WellPoint built up on one front last year by purchasing CareMore, a firm that specializes in caring for seniors with special needs. Now it's adding Amerigroup, which has experience competing for--and winning--state contracts on the Medicaid front. The transaction values Amerigroup at roughly $4.46 billion, or $92 per share.
"With this deal, WellPoint becomes a key player in the dual opportunities across the country," said Citigroup analyst Carl McDonald. He noted that many larger plans in the managed care industry aren't that well-positioned to compete for dual patients, despite their overall heft, because of their "relatively modest Medicaid presence."
But WellPoint with Amerigroup will have about 4.5 million Medicaid members, pushing it ahead of UnitedHealth Group Inc. (UNH).
A typical dual patient might be on Medicare due to age and on Medicaid because chronic health problems drained their savings, although younger patients with disabilities are also in the system. These are "among the sickest and the poorest" people covered by the government, the Kaiser Family Foundation has said.
These patients can rack up significant expenses. WellPoint noted they represent about 20% of the Medicare population but 31% of costs. On the Medicaid side, they represent 15% of enrollment but 39% of costs.
The company highlighted 13 states with "near-term dual eligible opportunities," including big ones like California, Texas, Florida and New York, where the combined WellPoint/Amerigroup will have a presence. Overall, the 19 states where the companies have operations comprise more than $180 billion in spending on dual patients, significantly more than half of overall U.S. spending.

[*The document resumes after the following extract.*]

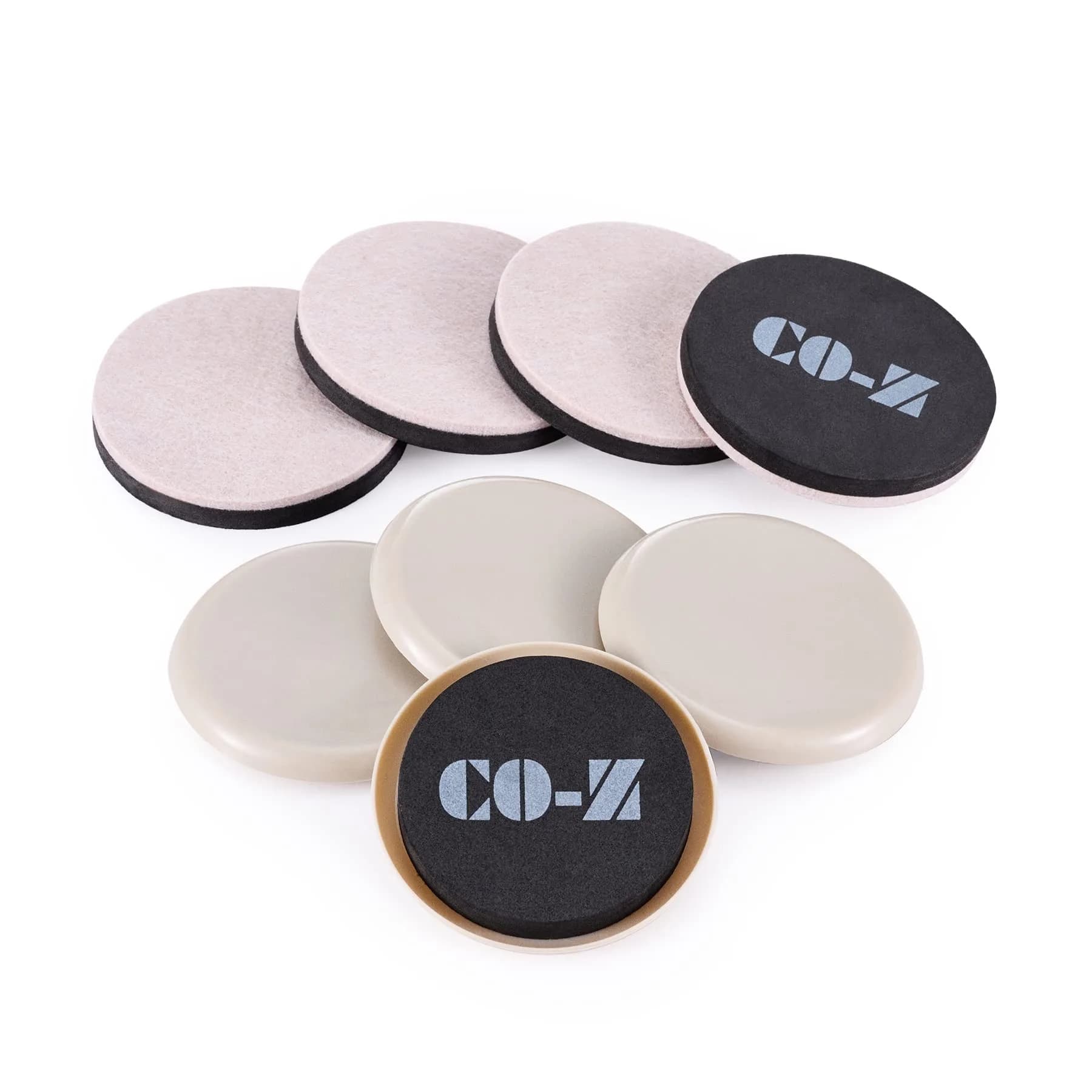 CO-Z Felt Cabinet Door Bumpers 0.4 in Diameter | Noise-Absorbing Furniture Protectors — 3 1/2" Round- , Plastic + Felt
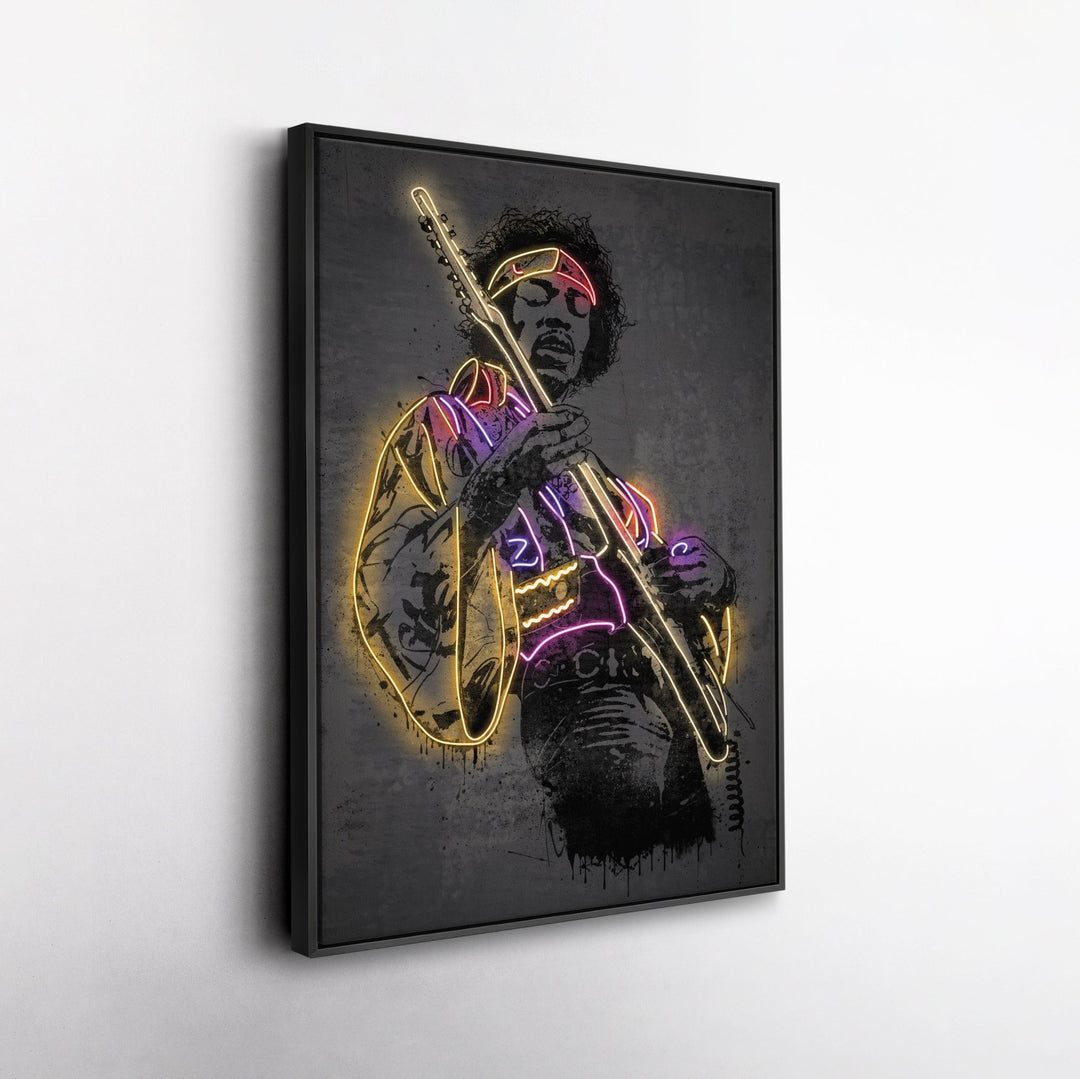 Jimi Hendrix Neon Canvas Art | Music Wall Decor - CanvasNeon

WellPoint is the first big managed-care firm to pull the trigger on buying a Medicaid insurer to target this opportunity, but the market clearly anticipates there could be more to follow. Shares of Centene Corp. (CNC), Molina Healthcare Inc. (MOH) and WellCare Health Plans Inc. (WCG) soared at least 17% on the news their competitor Amerigroup was being bought out.
Still, some industry executives previously talked down the idea of buying Medicaid insurers because of high stock prices and tight profit margins. Humana Inc. (HUM), which has a big focus on Medicare plans but limited presence in Medicaid, has preferred to go the partnership route, for example. It already has struck up an alliance with a big Medicaid provider in Ohio and is aiming for more.
The chase for the duals market also carries some risks. Insurers in Kentucky and Texas have recently run into problems where costs for new or expanded Medicaid markets were much higher than expected, exceeding premium revenue, which hurts earnings. Considering dual-eligible patients tend to have much more complicated--and expensive--problems than those often covered by traditional Medicaid plans, an unexpected cost problem could cause significant trouble.
Susquehanna Financial analyst Chris Rigg believes duals are best managed inside big firms that have cushion to handle potential cost problems that flare up. "A lot more revenue equals a lot more risk" in the duals market, he said.
Then again, better management of high-cost patients offers the opportunity for big savings. WellPoint is betting it has assembled the right combination of tools to get the job done.
"We clearly recognize those risks," Wayne DeVeydt, WellPoint's chief financial officer, told reporters Monday.